Tam Tak-chi jailed 40 months for sedition

Former People Power vice-chairman Tam Tak-chi was on Wednesday given a 40-month prison sentence after he was found guilty of seven counts of sedition.

He was the first person to stand trial and be convicted under a colonial-era sedition law since the 1997 handover.

Tam was earlier found guilty of chanting seditious slogans such as ‘Liberate Hong Kong’ on several occasions from January to July 2020.

The 50-year-old activist was also convicted of four counts of public order offences, including holding an unauthorised assembly and disorderly conduct in a public place.

His lawyers had pleaded for a lenient sentence, saying Tam has never advocated violence and was only using “extreme remarks” to express his emotions.

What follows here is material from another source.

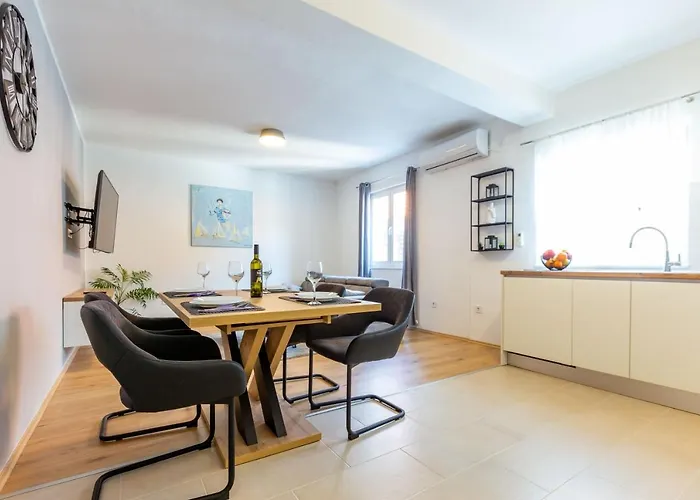 Bella 2 Bdr W Parking Zára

But District Court Judge Stanley Chan said a deterrent sentence was needed, because some of the offences were committed after the national security law came into force, and while Tam was out on bail.

The judge – appointed by the Chief Executive to handle national security cases – also stressed that the court has to consider the social and political reality at the time, noting that the offences happened just after “unprecedented violence” in 2019.

The judge described remarks made by the activist as merely “boundless abuses from a 50-year-old uneducated man”.

Tam was also fined HK$5,000 for one of the offences.

The activist has been detained since September 2020.